What kind of computer and C compiler are you using? Is it an MS-DOS computer with Turbo C? Since most of the word we get from the sub-continent is that their schools still make them use a 20+-year-old compiler and since Windows is getting increasingly reluctant to run anything that old, I would assume that you ideally run your Turbo C on an MS-DOS computer, just as I did professionally back around 1990 -- well, I had started learning on a copy of Turbo C I had bought a few years earlier, but most of my professional work up to 1996 was in MS-DOS using Borland C++; Windows 3.1 ran on top of MS-DOS.

In MS-DOS, only one program could run at a time, though there were some programs that allowed some form of multi-tasking (eg, Windows 3.x). The programs you wrote under MS-DOS had access to everything on that computer. For example, it was common for a program to capture interrupts by modifying the Interrupt Vector Table at the very beginning of memory, location 0000:0000, where NULL would point to. And since any program could write to any location in memory, you could easily overwrite part of the operating system which would cause the computer to either "freeze up" (become unresponsive) or crash (go into a spontaneous re-boot). Nothing on that system was safe from an ill-behaved program.

That is not how an operating system is supposed to work. For example, in UNIX (which predates MS-DOS by about a decade), multiple programs, called processes, are running concurrently (with preemptive multitasking, they are each given a turn to run for a very brief time). Each process is given its own resources which includes its own portion of memory. Each process is only allowed to access its own memory space and is forbidden to attempt to access any memory locations outside that space. This is to protect the other processes and the computer itself from an ill-behaved or malignant process. When a process does try to access outside its own space, the operating system terminates that program with extreme prejudice with either an ACCESS or a SEGMENTATION FAULT error.

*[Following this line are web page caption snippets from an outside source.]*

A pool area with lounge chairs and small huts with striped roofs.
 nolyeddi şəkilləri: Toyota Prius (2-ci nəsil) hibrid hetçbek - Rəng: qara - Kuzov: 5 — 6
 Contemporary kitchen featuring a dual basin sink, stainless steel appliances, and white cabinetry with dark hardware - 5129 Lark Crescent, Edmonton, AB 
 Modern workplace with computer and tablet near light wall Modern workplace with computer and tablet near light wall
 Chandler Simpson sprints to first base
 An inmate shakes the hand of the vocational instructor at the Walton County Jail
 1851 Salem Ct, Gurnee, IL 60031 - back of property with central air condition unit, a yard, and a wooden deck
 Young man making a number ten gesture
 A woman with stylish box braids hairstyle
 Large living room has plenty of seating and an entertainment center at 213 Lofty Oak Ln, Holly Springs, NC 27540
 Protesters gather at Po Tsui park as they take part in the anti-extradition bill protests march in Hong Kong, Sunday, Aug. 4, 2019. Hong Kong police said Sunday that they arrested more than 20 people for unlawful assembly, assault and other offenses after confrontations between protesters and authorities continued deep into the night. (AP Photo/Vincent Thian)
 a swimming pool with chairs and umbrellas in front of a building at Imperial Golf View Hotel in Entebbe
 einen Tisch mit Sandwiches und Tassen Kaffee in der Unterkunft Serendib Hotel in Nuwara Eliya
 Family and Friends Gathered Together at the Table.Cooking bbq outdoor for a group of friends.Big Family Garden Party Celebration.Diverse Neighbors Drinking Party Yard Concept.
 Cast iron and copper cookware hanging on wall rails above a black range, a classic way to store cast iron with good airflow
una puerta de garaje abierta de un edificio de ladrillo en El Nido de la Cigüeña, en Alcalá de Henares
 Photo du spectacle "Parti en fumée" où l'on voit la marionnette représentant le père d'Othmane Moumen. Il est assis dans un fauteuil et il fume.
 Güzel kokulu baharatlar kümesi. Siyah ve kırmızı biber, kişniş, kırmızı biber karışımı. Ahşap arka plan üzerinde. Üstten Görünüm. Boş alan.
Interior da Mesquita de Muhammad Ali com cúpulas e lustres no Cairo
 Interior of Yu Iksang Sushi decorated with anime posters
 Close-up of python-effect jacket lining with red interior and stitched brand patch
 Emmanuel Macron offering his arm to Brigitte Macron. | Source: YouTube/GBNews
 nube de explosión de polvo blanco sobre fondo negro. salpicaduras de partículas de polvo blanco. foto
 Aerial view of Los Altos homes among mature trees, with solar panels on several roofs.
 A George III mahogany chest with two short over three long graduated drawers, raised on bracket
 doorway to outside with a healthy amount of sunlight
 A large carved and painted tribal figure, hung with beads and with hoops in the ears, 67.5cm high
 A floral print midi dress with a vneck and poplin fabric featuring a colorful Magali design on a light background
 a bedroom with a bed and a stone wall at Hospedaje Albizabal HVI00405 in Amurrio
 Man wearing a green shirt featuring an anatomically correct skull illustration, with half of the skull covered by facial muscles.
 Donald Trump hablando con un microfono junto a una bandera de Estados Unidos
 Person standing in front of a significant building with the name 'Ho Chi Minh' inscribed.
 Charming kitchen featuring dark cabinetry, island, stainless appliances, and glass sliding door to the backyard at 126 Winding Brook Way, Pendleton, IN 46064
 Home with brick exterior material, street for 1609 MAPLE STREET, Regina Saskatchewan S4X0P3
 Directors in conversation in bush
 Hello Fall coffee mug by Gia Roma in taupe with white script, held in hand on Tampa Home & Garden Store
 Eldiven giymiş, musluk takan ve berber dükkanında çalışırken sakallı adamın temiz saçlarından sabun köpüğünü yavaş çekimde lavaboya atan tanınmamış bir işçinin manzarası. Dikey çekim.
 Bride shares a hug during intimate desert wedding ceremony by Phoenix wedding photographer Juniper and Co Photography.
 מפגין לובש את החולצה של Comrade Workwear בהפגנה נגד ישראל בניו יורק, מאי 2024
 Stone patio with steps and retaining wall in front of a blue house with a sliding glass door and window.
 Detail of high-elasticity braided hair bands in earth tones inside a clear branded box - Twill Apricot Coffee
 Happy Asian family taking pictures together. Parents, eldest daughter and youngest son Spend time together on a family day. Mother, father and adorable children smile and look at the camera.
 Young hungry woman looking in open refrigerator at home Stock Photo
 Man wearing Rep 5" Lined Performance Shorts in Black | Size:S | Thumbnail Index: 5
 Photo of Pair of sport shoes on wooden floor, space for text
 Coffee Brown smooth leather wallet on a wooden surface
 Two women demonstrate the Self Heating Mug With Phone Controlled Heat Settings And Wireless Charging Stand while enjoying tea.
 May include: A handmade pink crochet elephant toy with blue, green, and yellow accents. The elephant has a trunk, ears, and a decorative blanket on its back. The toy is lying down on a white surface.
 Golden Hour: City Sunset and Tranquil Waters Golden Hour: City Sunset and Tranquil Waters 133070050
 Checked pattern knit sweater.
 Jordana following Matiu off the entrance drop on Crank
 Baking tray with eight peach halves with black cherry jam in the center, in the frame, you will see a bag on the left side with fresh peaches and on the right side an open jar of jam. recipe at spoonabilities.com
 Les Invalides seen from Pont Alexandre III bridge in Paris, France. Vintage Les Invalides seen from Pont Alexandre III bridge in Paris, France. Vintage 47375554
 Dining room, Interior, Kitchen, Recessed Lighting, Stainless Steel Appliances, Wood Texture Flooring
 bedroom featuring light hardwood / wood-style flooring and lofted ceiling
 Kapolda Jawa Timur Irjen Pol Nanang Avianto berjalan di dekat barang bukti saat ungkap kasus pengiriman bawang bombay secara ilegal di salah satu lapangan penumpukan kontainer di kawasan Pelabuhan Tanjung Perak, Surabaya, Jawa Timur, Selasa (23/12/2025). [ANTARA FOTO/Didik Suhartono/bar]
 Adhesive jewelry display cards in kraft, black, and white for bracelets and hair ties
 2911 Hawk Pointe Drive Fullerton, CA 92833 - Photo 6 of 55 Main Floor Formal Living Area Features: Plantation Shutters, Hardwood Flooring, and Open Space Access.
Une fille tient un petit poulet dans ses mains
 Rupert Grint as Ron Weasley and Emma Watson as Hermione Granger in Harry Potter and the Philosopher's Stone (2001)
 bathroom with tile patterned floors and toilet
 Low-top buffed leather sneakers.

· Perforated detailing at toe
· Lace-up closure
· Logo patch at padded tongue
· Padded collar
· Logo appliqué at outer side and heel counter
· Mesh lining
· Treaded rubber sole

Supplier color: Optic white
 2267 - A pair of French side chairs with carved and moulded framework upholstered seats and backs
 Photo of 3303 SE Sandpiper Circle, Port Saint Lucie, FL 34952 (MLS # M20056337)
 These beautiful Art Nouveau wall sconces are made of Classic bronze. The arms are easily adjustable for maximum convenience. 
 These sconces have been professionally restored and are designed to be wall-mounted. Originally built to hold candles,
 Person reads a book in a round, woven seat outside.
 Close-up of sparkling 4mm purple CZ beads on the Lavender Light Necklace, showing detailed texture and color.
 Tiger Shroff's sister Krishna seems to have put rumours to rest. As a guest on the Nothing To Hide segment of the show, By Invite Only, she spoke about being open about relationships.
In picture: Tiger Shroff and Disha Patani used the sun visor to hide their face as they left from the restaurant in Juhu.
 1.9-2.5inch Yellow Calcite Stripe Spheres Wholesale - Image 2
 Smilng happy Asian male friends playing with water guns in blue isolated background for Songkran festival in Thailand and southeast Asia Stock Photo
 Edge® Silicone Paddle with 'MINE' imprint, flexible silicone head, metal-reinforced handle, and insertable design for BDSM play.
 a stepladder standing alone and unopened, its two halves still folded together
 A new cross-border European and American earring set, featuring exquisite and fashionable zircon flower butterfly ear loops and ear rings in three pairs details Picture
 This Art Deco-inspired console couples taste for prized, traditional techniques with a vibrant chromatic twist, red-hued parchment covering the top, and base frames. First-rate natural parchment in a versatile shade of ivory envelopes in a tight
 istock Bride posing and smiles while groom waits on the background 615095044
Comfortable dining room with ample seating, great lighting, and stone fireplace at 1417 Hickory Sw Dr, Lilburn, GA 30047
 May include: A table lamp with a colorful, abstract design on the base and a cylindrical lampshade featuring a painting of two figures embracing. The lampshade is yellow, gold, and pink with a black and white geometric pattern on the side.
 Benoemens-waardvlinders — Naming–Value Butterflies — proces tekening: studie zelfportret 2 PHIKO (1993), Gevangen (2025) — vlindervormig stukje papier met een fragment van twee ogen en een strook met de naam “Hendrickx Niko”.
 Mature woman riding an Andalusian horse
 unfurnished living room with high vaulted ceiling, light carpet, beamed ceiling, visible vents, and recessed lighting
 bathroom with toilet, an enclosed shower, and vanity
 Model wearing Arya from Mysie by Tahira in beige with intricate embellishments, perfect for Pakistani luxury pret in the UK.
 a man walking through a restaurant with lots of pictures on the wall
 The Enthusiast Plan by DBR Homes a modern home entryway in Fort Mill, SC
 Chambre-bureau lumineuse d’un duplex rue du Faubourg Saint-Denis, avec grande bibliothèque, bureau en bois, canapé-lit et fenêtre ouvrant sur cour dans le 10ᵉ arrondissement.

Study the genealogy of Windows. While still working with Windows 3.x, Microsoft had acquired another company's operating system and transformed that into the "new technology" Windows NT. Then as they came out with further releases of NT, Microsoft developed Windows 95, then Windows 98, Windows 98SE, and finally Windows ME, a rushed released that marked the end of that line. Then Windows NT became Windows 2000, then Windows XP, then Vista, and now Windows 7 and soon Windows 8.

What Microsoft did with the Windows NT line and the Windows 95 line was to make Windows itself the operating system. It also introduced into its products the well-known technology of preemptive multitasking and the concept of protecting the computer and other users from an ill-behaved or malignant process; eg, a process that tries to access memory outside its own allotted memory space.

And that is why trying to access memory location 10 (0x0000000A) will cause your program to crash. Unless you are running it under MS-DOS.